*** Opening of SUPPLIED MATERIAL ***
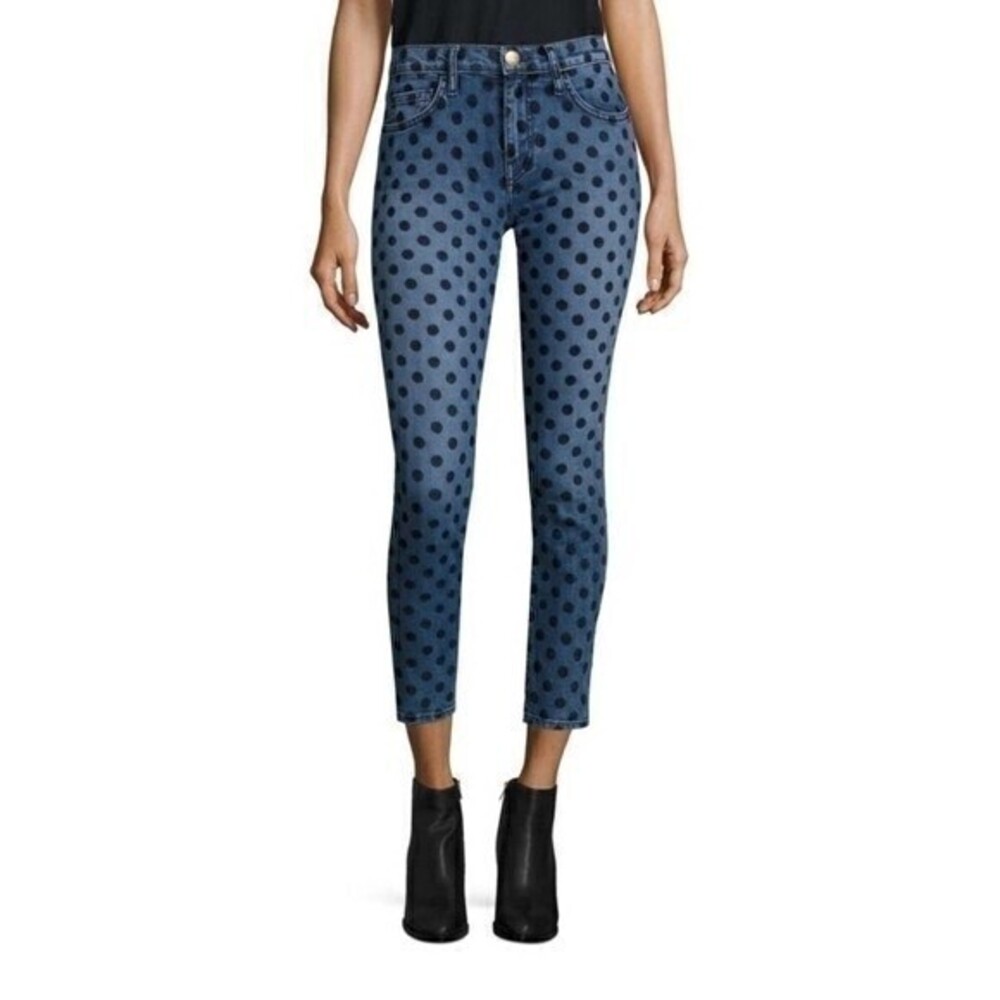 Current Elliott Stiletto Velvet Polka Dot Skinny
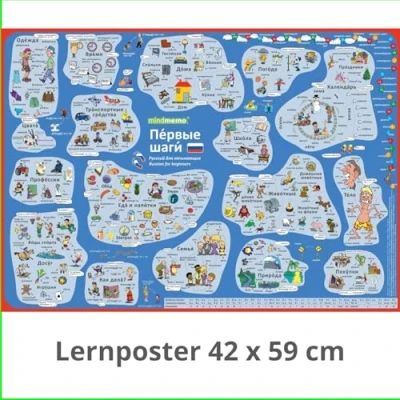 Abbildung von mindmemo Lernposter Russisch für Einsteiger Vokabeln lernen mit Bildern geniale Lernhilfe DinA2 PremiumEdition: Первые шаги ... A2 42x59 cm PremiumEdition in Transportrolle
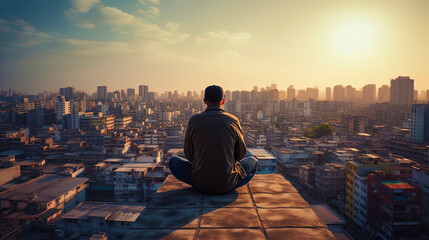 A photograph of a man sitting on the roof of the building with a view of the city panorama - obrazy, fototapety, plakaty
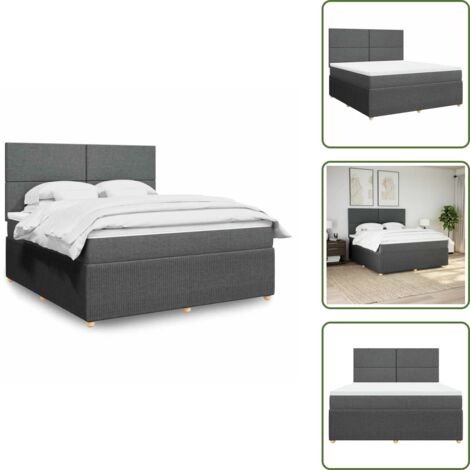 Testiera regolabile - vidaXL Giroletto a Molle con Materasso Grigio Scuro 180x200 cm Tessuto - Coprimaterasso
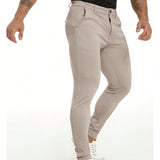 Pantalones chinos de cuadros para hombres Pantalon de vestir ajustado elastico Resistente a las arrugas Pantalones formales plisados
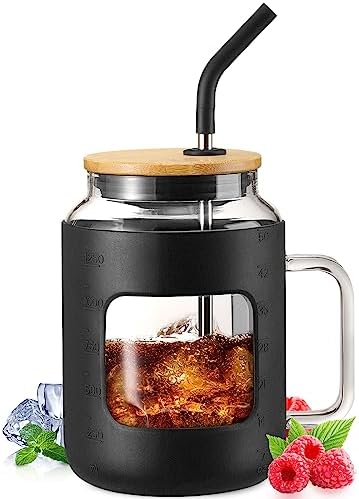 50 oz Glass Water Bottles with Silicone Sleeve,Glass Tumbler with Lid and Straw,Iced Coffee Cup with Handle,BPA Free-Black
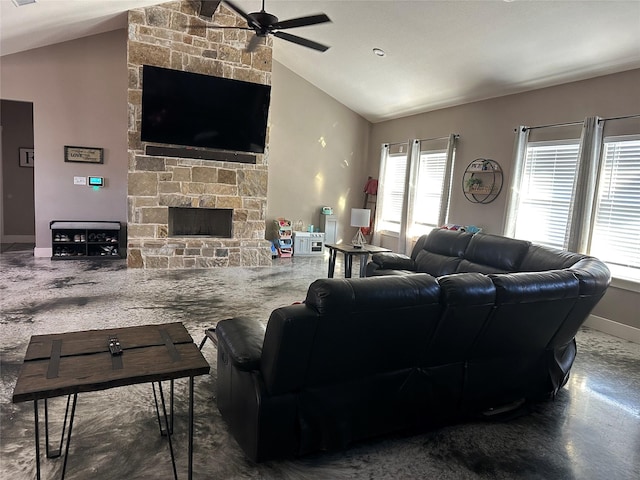 carpeted living room featuring ceiling fan, lofted ceiling, and a stone fireplace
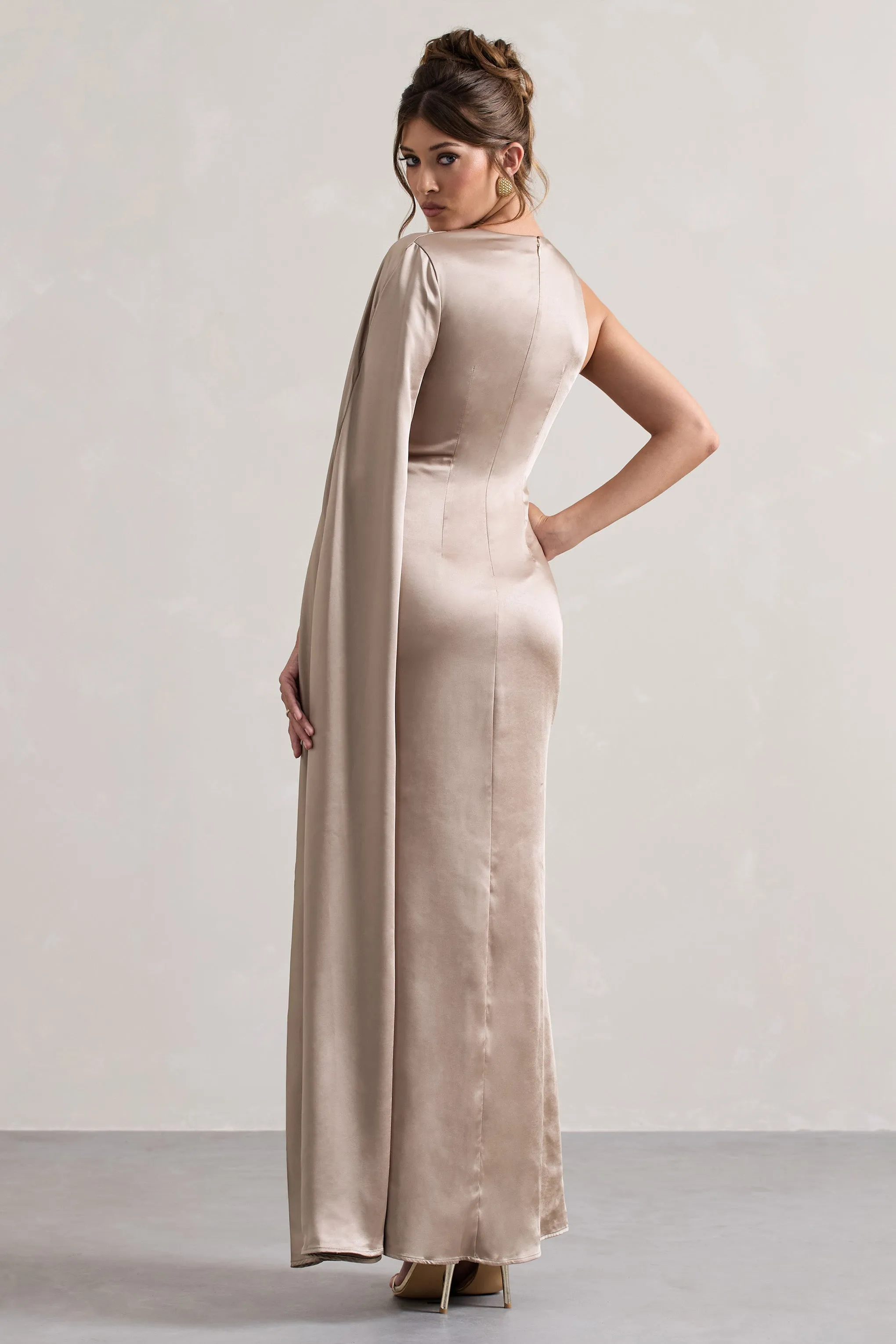 Gala | Taupe Satin One-Shoulder Cape Sleeve Split Maxi Dress Club L London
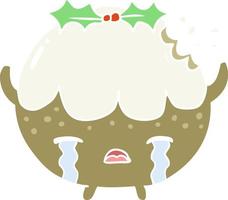 flat color style cartoon christmas pudding crying vector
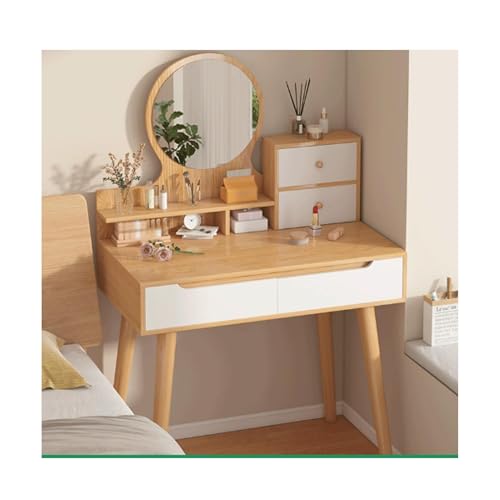 JUSKAQZYI schmink Tisch Schminktisch mit rundem Spiegel und Beleuchtung, Kleiner Frisiertisch fürs Schlafzimmer mit viel Stauraum, Eiche, 78,7 cm schminktische(Oak,Double) von JUSKAQZYI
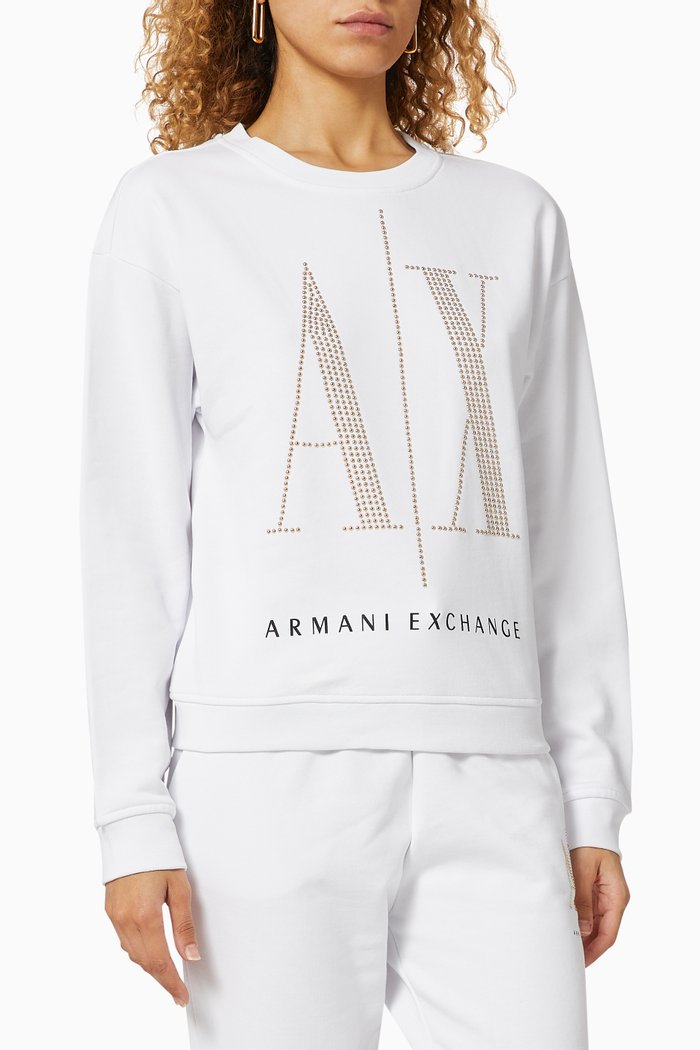 

Icon Logo Cotton Sweatshirt, White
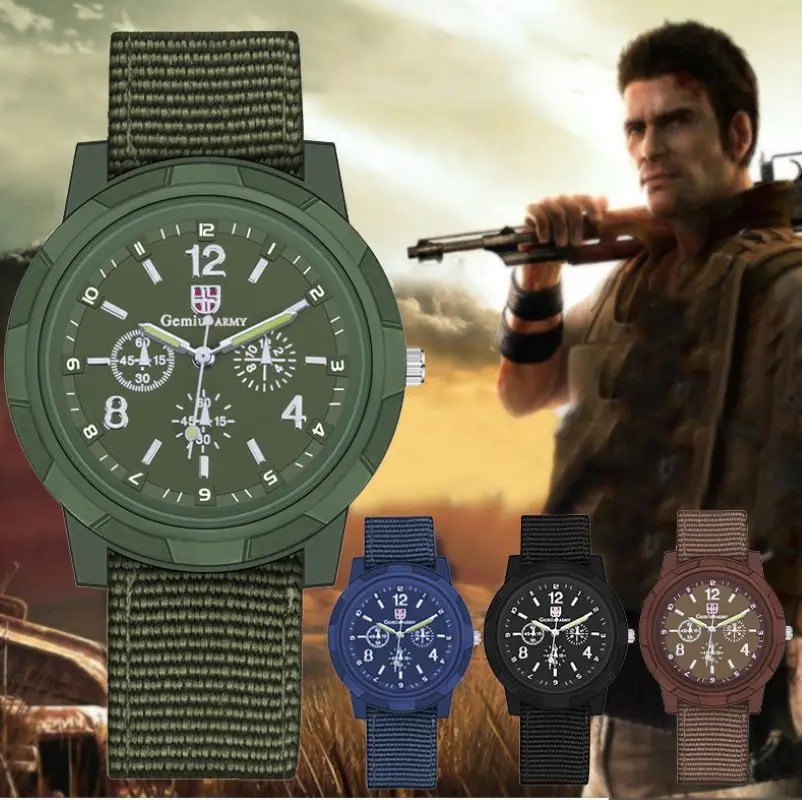 

New Famous Brand Men Quartz Watch Army Soldier Military Canvas Strap Fabric Analog Wrist Watches Women Sports Wristwatches Clock
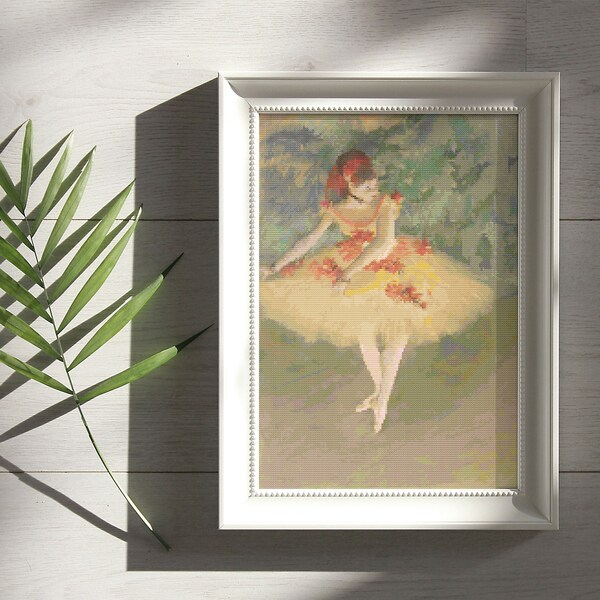 Danseuse Faisant de Pointes by Edgar Degas, Cross Stitch Pattern, Famous Painting, Ballerina, Dancer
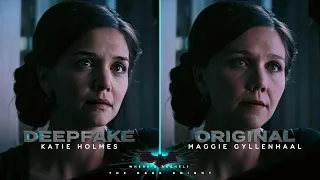 Katie Holmes returns as Rachel in The Dark Knight | Deepfake and comparison with Maggie Gyllenhaal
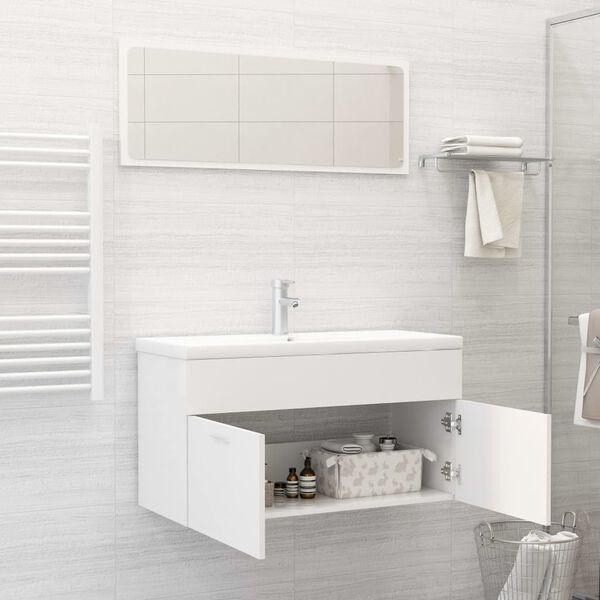 vidaXL Bathroom Furniture Set White Engineered wood Standard size
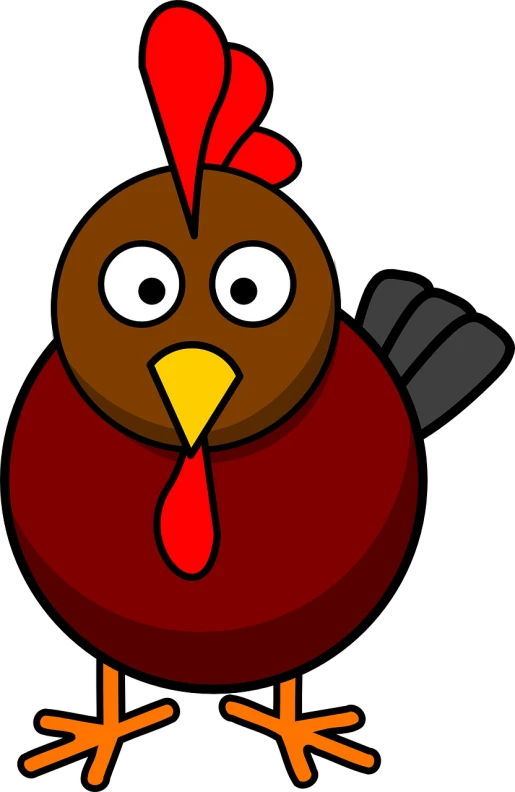 a close up of a cartoon turkey on a black background, inspired by Heinz Anger, mingei, lineless, red and brown color scheme, with a round face, rooster!!!!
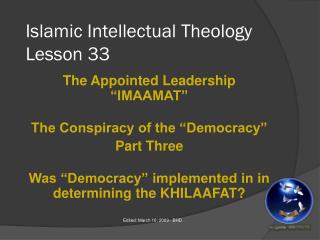 Islamic Intellectual Theology Lesson 33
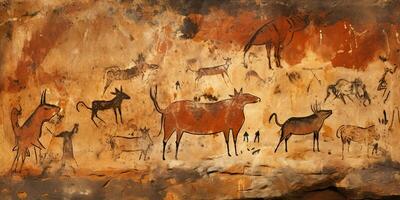 AI Generated. AI Generative. Primitive historical stone cave wall drawing art of animals hunting. Graphic Art photo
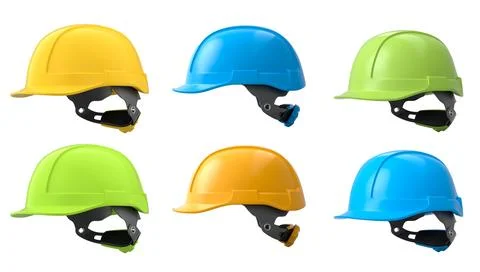 Set of construction safety helmets isolated on white transparent background,  Stock Photos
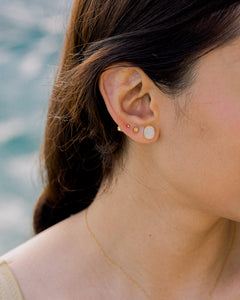 Oxeanne Textured Round Mini Beach-Proof Earrings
*** Close of SUPPLIED MATERIAL ***
§ WHAT IS EXPECTED
Working from the data above, repeat exactly, and only, the lines that begin at the line containing "Icon Logo Cotton Sweatshirt, White" and stop after the line containing "Set of construction"; pictures are not copied.

§ SOLUTION BELOW
Icon Logo Cotton Sweatshirt, White

New Famous Brand Men Quartz Watch Army Soldier Military Canvas Strap Fabric Analog Wrist Watches Women Sports Wristwatches Clock
 Danseuse Faisant de Pointes by Edgar Degas, Cross Stitch Pattern, Famous Painting, Ballerina, Dancer
 Katie Holmes returns as Rachel in The Dark Knight | Deepfake and comparison with Maggie Gyllenhaal
 vidaXL Bathroom Furniture Set White Engineered wood Standard size
 a close up of a cartoon turkey on a black background, inspired by Heinz Anger, mingei, lineless, red and brown color scheme, with a round face, rooster!!!!
 Islamic Intellectual Theology Lesson 33
 AI Generated. AI Generative. Primitive historical stone cave wall drawing art of animals hunting. Graphic Art photo
 Set of construction safety helmets isolated on white transparent background,  Stock Photos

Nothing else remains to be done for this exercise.